La prima guerra mondiale e il crollo di tante certezze positivistiche erano allora ancora lontane; ma era una realtà del tempo il colonialismo europeo.
Ebbene, avendo avuto la ventura della presenza alla conferenza, di «ospiti illustri quali S. Bonfils, paleontologo, allora direttore del Museo di Mentone, e Clarence Bicknell di Londra, botanico e geologo distintissimo» il Dott. Rusconi trovò naturale- prima di concludere con un “viva la Francia ! viva l’Inghilterra ! viva l’Italia ! - ricordare rappresentate, in quel giorno, «due delle più grandi potenze del mondo, la Francia, lume di libertà, e l’Inghilterra, esempio nei secoli presenti dell’antica virtù dei conquistatori del mondo».
Non seguiremo analiticamente il nostro conferenziere. Esistono, da tempo, aggiornate e più scaltrite illustrazioni dell’importanza di quelle «balme o caverne (.....) la cui esplorazione regolare e completa si può dire sia cominciata dal giorno in cui il piccone dei minatori cominciò a lavorare per aprire in queste rocce un passaggio alla vaporiera».

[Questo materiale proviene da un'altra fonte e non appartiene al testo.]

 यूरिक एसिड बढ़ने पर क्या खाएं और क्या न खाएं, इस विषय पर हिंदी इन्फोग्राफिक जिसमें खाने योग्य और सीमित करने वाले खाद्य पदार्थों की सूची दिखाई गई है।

Nel corso di una ricerca terminata nel 2011, portando avanti gli scavi nel Riparo Bombrini, sito rasente i binari della ferrovia Ventimiglia-Nizza, l'antropologo Julien Riel-Salvatore, della University of Colorado Denver, ha studiato l'organizzazione degli spazi interni praticata da ominidi Neanderthal, della cultura di Aurignac, in Era Tardo Mousteriana, quarantamila anni orsono.
Una caverna stretta e lunga, divisa in tre settori. All'ingresso, l'illuminazione esterna consentiva di trasformare le pietre in utensili, limitando i rischi d'infortunio, ma permetteva anche la macellazione degli animali catturati.
Più all'interno, attorno al focolare, cucinavano, pranzavano scambiando notizie e nozioni; sul fondo, nell'area più riparata, tenuta sgombra, si sdraiavano nelle ore di riposo. Un assetto che assomiglia molto ai comportamenti dell'uomo moderno.